You may end up knowing more about taxes than you thought there was to know.

 

GET SOME EXCISE

Did you ever wonder about the extra taxes you pay when you buy a gallon of gas or an airline ticket, or the ones that get tacked on to your phone bill? The federal government imposes excise taxes on the manufacture, sale, or consumption of specific goods and services produced and used within the country. In addition, state and local governments often add excise taxes of their own.

Instead of being levied as a percentage of the price, as sales taxes are, excise taxes are figured as a perunit cost—such as the federal charge of 18.4 cents on a gallon of gas. The best-known, and oldest, excise taxes increase the prices of tobacco and alcohol, as well as crude oil and fuels.

In fact, high excise taxes, not the wholesale price of gas, help explain why you pay more to fill your fuel tank in some states than you do in others.

As prevalent as excise taxes seem, the revenue they produce amounts to less than 10% of all the tax the federal government collects. Some of the money ends up in special trust funds that are used to improve highways or airports, or to clean up hazardous chemical spills. Part of the excise tax on phone bills is designated to pay for internet access in public schools.

BACKUP WITHHOLDING

If you receive income that’s reported on a Form 1099—as dividends and interest are, for example—you’ll be asked to provide your Social Security number, also called your Tax Identification Number or TIN, and sign Form W-9 which certifies that you’re not subject to backup withholding. That means you don’t have to have tax withheld on this type of income, but only pay the tax owed when you file your return.

If the IRS hasn’t notified you that you must pay backup withholding, which could happen if they suspect you are underreporting interest or dividend income, you can sign with a clear conscience. If you don’t complete the form, income taxes will be withheld. A 28% withholding rate applies.

TAXPAYER BILL OF RIGHTS

IRS Publication 1, “Your Rights as a Taxpayer,” is sometimes described as a taxpayer’s bill of rights.

Among the things you’re guaranteed are the rights to:

  • Know why you’re being asked for information, how it will be used, and what will happen if you don’t provide it
  • Produce only the documents the IRS asks for
  • Bring someone with you to any meetings with the IRS and record any meetings with an IRS representative
  • Interrupt any meeting with the IRS if you need professional advice
  • Be represented by someone authorized to practice before the IRS, such as an attorney, certified public accountant, or enrolled agent
  • Propose installment payments for taxes that are due

DOING THE WASH

Did you know that federal law requires banks and businesses to report deposits and payments of more than $10,000?

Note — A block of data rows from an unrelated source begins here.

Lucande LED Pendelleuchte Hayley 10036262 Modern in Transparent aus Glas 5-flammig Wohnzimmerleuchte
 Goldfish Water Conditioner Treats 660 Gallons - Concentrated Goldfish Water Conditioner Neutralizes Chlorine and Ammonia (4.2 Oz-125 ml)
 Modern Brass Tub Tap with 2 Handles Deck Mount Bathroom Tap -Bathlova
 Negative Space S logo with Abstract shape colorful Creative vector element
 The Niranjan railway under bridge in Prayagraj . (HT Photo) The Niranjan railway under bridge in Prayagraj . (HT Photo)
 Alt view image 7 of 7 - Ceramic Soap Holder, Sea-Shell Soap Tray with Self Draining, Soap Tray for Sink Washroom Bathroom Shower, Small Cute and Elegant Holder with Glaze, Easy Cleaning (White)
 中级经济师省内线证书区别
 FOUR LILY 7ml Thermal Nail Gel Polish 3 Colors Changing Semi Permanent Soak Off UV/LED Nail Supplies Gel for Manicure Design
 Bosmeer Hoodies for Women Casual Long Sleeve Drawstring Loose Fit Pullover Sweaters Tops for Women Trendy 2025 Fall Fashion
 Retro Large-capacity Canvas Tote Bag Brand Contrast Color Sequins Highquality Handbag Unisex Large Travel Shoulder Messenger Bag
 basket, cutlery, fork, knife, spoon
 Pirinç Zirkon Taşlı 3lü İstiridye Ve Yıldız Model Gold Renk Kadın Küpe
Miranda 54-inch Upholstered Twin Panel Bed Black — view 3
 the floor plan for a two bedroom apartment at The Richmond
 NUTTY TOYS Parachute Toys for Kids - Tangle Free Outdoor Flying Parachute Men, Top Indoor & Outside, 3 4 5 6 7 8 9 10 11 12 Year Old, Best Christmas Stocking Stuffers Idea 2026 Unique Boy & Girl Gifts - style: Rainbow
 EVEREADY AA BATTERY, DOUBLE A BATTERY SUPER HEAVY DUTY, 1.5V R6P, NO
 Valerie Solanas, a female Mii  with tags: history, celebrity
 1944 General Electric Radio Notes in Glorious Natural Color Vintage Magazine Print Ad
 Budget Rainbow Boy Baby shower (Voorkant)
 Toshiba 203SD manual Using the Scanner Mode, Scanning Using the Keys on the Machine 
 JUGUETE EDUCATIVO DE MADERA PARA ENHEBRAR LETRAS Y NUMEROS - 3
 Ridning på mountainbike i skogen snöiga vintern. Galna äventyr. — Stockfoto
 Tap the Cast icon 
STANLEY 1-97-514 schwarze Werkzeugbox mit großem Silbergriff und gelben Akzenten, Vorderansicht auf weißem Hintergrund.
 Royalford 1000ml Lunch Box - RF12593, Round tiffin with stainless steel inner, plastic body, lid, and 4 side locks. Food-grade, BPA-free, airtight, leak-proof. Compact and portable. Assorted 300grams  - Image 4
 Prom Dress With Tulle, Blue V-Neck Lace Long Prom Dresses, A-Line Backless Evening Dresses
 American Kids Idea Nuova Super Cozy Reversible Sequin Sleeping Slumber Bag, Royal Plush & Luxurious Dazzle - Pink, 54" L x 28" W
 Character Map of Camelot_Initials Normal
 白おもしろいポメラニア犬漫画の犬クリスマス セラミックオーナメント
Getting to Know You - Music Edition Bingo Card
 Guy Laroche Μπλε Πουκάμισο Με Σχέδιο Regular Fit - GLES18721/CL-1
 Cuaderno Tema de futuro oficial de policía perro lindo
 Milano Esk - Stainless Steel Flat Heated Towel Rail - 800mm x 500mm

It’s one of the tools the government uses to try to prevent money laundering, or schemes to route illegally acquired cash through legitimate bank accounts and businesses to make the money appear as if it had been earned legitimately.

WHAT’S AN AUDIT?

If the IRS thinks you owe more tax than you paid, the agency schedules an audit, or an examination of your tax return and the records that back up your claims. They’re checking to see if you’ve reported all your income and are entitled to all the adjustments and deductions you’ve claimed.

There are actually several types of audits. A correspondence audit is conducted by mail. You supply copies of the specific records  that the IRS requests, and you get a letter reporting the agency’s conclusions— usually with a bill for additional tax.

An office audit takes place in an IRS office. You’re told ahead of time what the questions are and which records to bring with you to review with a tax auditor.

A field audit takes place in your home, your office, or the office of a tax professional who can represent you before the IRS. It’s conducted by a revenue agent, who can examine your entire return and all your supporting documents.

It’s possible you may prevail and owe nothing more. And if you disagree with the IRS finding that additional tax is due, you can appeal. You can even take your case to court if you can’t reach a compromise solution, but it’s a slow and expensive process.

ADDED VALUE?

A Value-Added Tax (VAT) is a national sales tax widely used across Europe, as well as in Canada, Mexico, and other countries either to supplement or replace a national income tax. Like other sales taxes, a VAT is a flat tax. But it’s imposed on sales at each stage in the production of something of value, from the sale of raw materials to retail distribution.

For example, when you pay VAT on a new wool jacket, yours is the last in a series of VAT payments that started with the sale of the wool, moved on through the production of the cloth, the manufacture of the jacket, the purchase by the wholesaler, and the order from the retail shop.

Is a VAT possible in the US? One of the factors that works against enacting it is that a national sales tax would probably restrict what states could collect in sales taxes of their own. And sales taxes are a primary source of state revenue.